In such circumstances, it had been in the first place for the domestic courts to establish in a convincing manner whether or not the waiver of legal assistance had been voluntary and valid, in spite of those problems. They had however failed to do so adequately. The courts had not disputed that the applicant’s diagnosis of addiction-related psychological and behavioural disorders could in principle have been a barrier to a valid waiver of his right to a lawyer under domestic law. The domestic case-law explicitly recognised his diagnosis as potentially bringing him into the category of individuals who could not, by law, validly waive that right, on account of his mental disorder. However, the courts had found that the authorities had only become aware of his addiction after all the investigation activities with his participation had been completed. In making that assessment, they had not commented on the information that the day after he had signed the waiver and confessed, ambulances had been repeatedly called to the detention centre in connection with his withdrawal symptoms nor explained how he could have been registered, without the authorities’ knowledge, with the addiction treatment centre while in detention. The flawed nature of their assessment had been confirmed when it had come to light that the police had known about his addiction from the very outset of the investigation when the applicant had already been under their control. The information they had withheld might have indicated that the applicant had had an illness which would have led, under domestic case law, to the impossibility of accepting his waiver. Thus, although the domestic law in principle established a safeguard for such situations, on account of the police officers’ conduct that safeguard had proved ineffective. Lastly, before signing the waiver the applicant had not been informed of his right to remain silent, a complementary right the absence of the notification of which had further undermined the waiver’s validity.

In view of all the above elements, the Government had failed to demonstrate that the applicant had validly waived his right to a lawyer.

(c) Whether compelling reasons existed for restricting access to a lawyer – The Court perceived no compelling reason which justified the absence of a lawyer.

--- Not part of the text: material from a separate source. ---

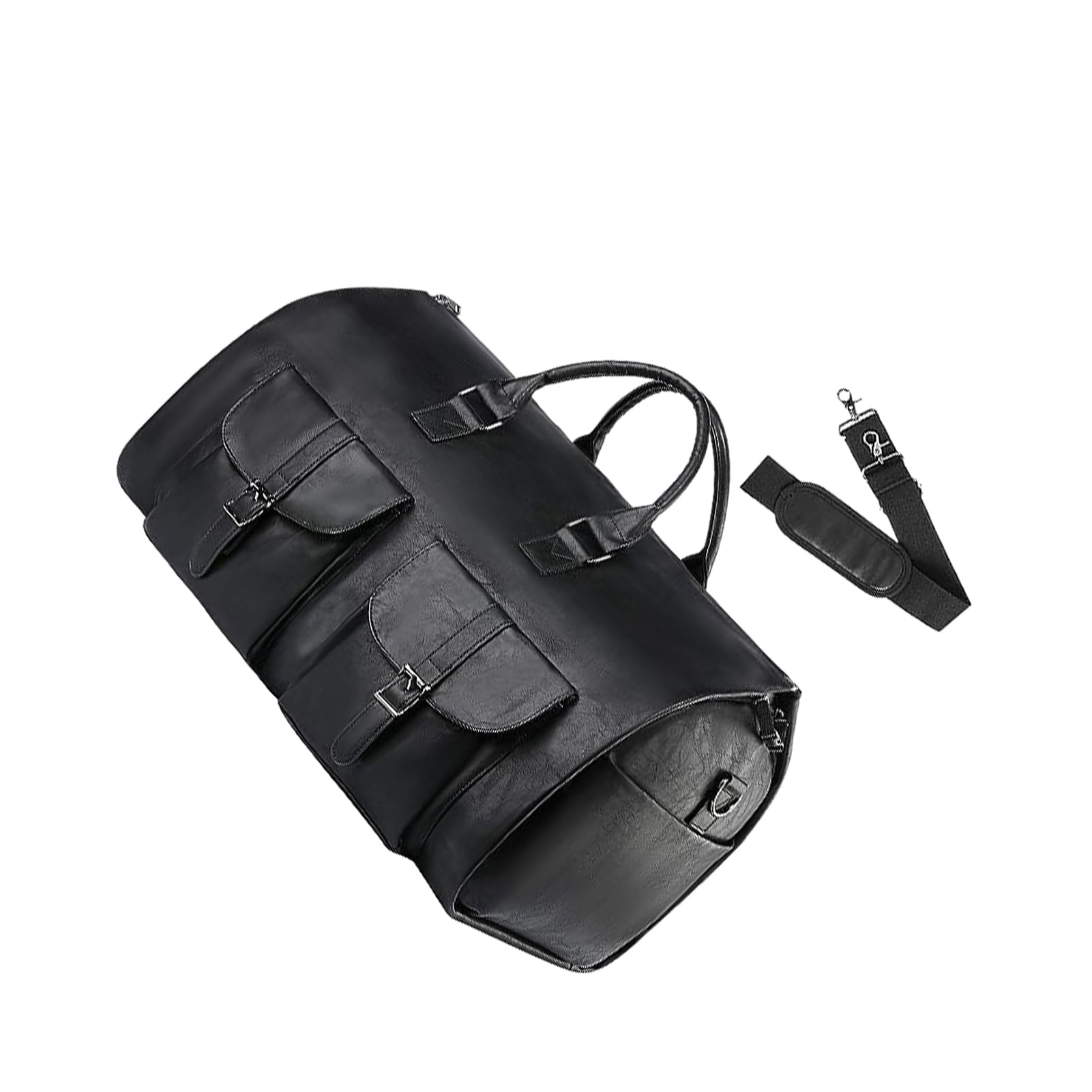 Maleta colgante funcional 2 en 1, bolsa de viaje de negocios para ejecutivos ocupados, ropa de viaje de PU, bolsa de equipaje de mano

(d) Overall fairness of the proceedings – The applicant had been to a certain extent vulnerable on account of the state of his health. The impugned statements had been directly incriminating. Made at the beginning of the investigation, they had framed the way the authorities had approached the investigation and therefore had formed a very significant part of the evidence against him. While statements made by the applicant before being informed of his right to legal assistance had never been introduced into evidence against him as such, they had allowed the authorities to obtain further evidence against him by locating and recovering the stolen goods. Having made those statements, the applicant might have found it prejudicial to change them after he had been informed of the right to legal assistance and when the reconstruction had been conducted. The statements he subsequently made during the reconstruction had had a central role in the proceedings.

The domestic courts’ failure to question the waiver’s validity had had very serious consequences for the overall fairness of the trial. Their assessment of the issue of his mental state during the reconstruction had been superficial and they had not sufficiently addressed his complaints concerning the breach of his right to a lawyer. The exclusionary rule in domestic law had not been applied. For that reason, applying strict scrutiny, the Court was not convinced that the criminal proceedings, when considered as a whole, had remedied the procedural defects which had occurred on the first days of the investigation. In conclusion, the Government had failed to demonstrate convincingly why, exceptionally and in the specific circumstances of the case, the overall fairness of the trial had not been irretrievably prejudiced by the restriction on the applicant’s access to legal advice.

Conclusion: violation (unanimously).

Article 41: EUR 3,600 in respect of non-pecuniary damage.